Input data below:

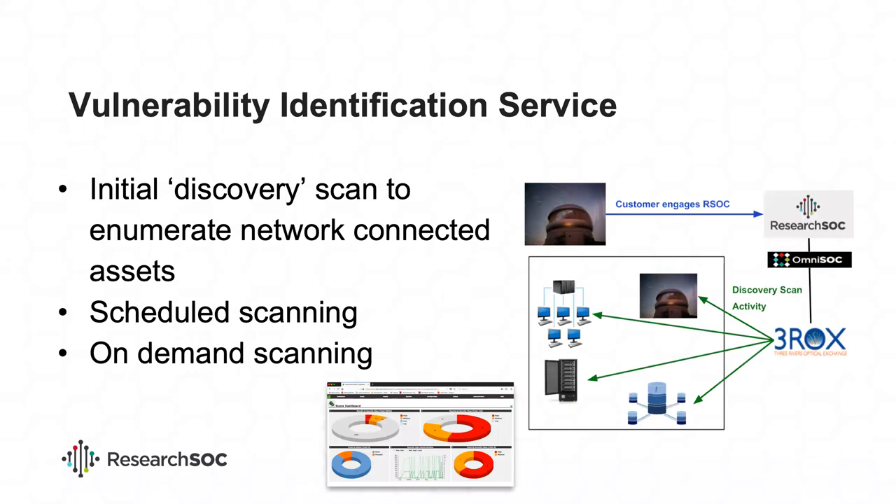The service will scan your network externally and can identify misconfigured software, software that might be vulnerable, and services running that are unnecessary — or more importantly, devices exposed to the internet that were never intended to be, such as when someone plugs something into a network, it gets a DHCP address, and you've got a vulnerable system. The process: a project contacts the Research SOC, goes through an onboarding questionnaire, then 3ROCKS conducts a discovery scan to get a footprint of your network. We'll set up scans monthly, weekly, or quarterly — plus on-demand scanning so when you patch a vulnerability, you can immediately verify it's addressed.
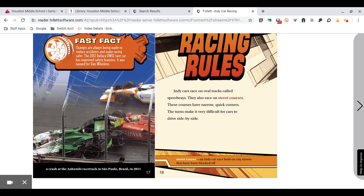Racing Rules. IndyCars race on oval tracks called speedways. They also race on street courses. These courses have narrow, quick corners. The turns make it very difficult for cars to drive side by side.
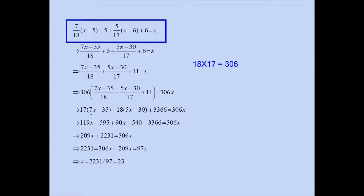Distributing 17 over (7x minus 35) gives 119x minus 595, and distributing 18 over (5x minus 30) gives 90x minus 540. Combining: 119x plus 90x is 209x, and 3,366 minus 540 minus 595 equals 2,231. Subtracting 209x from both sides gives 97x equals 2,231. Dividing both sides by 97, x equals 23. So there were 23 birds altogether.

End of Input data.

▶ **What you are asked to do**:
Return the whole of the material above exactly, with no picture carried over.

▶ **Answer box**:
The service will scan your network externally and can identify misconfigured software, software that might be vulnerable, and services running that are unnecessary — or more importantly, devices exposed to the internet that were never intended to be, such as when someone plugs something into a network, it gets a DHCP address, and you've got a vulnerable system. The process: a project contacts the Research SOC, goes through an onboarding questionnaire, then 3ROCKS conducts a discovery scan to get a footprint of your network. We'll set up scans monthly, weekly, or quarterly — plus on-demand scanning so when you patch a vulnerability, you can immediately verify it's addressed.
Racing Rules. IndyCars race on oval tracks called speedways. They also race on street courses. These courses have narrow, quick corners. The turns make it very difficult for cars to drive side by side.
Distributing 17 over (7x minus 35) gives 119x minus 595, and distributing 18 over (5x minus 30) gives 90x minus 540. Combining: 119x plus 90x is 209x, and 3,366 minus 540 minus 595 equals 2,231. Subtracting 209x from both sides gives 97x equals 2,231. Dividing both sides by 97, x equals 23. So there were 23 birds altogether.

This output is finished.